# Best Shipping Method?



## Blaskiaustin (May 4, 2017)

Im taking my local store and launching it online. We do all of our local soccer clubs and schools/Sports. So sometimes we get people coming in for a single shirt and sometimes we get people coming in for an entire soccer uniform and hoodies and jackets ect. Also have a few apparel lines. 

For soccer store Im just looking for the best way to ship out single shirts and bigger orders like several hoodies and t shirts at a time. nothing fancy.

For the apparel lines I want it to be presented nice. a branded mailer with my logo. wrapped nicely and presented professionally so its an experience getting the item.

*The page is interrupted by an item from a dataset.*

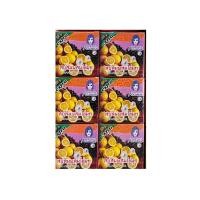 ราคา สบู่แจม Jam มีครบทุกสูตร มะขือเทศ แครอท น้ำนมข้าวกล้องงอก มะเขือเทศ ส้มผสมไข่มุก ทานาคามะนาว ขมิ้น มังคุด น้ำนมข้าว ขนาด extra 15g 1 แพ็ค 12 ก้อน (11087587380)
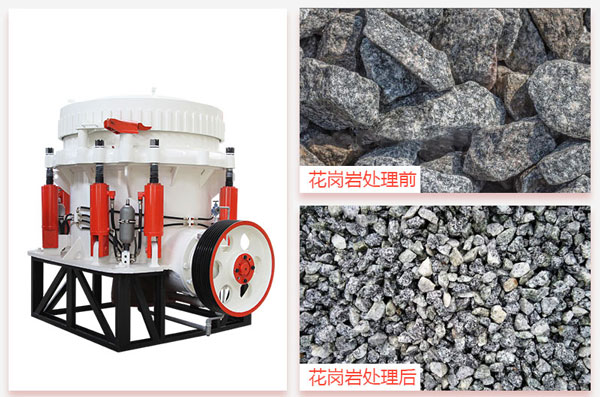 破碎花崗巖用什么破碎機(jī)好？這部175圓錐破剛剛好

Mostly going to be single item orders. Is there difference in sending a t shirt vs hoodie?

Does anyone have detailed processes of what they have found the best? Where do you get your mailers? What do you use for shipping? Around What Price Ive done a lot of research but usually everyone on here knows best.


----------



## FatboyGraphics (Sep 20, 2009)

usps offers free shipping supplies if you ship priority mail.
we use stamps.com for small orders


----------



## SunEmbroidery (Oct 18, 2007)

There is another recent thread on this topic in this forum. http://www.t-shirtforums.com/general-t-shirt-selling-discussion/t781225.html A lot of people like shipping small orders through USPS Priority Mail and having their order processed through PayPal. PayPal has reduced rates, their system is easy to use, packaging is free from USPS, shipping time is 1-3 days and you can schedule a free pickup. Large orders should be shipped through UPS or FedEx.


----------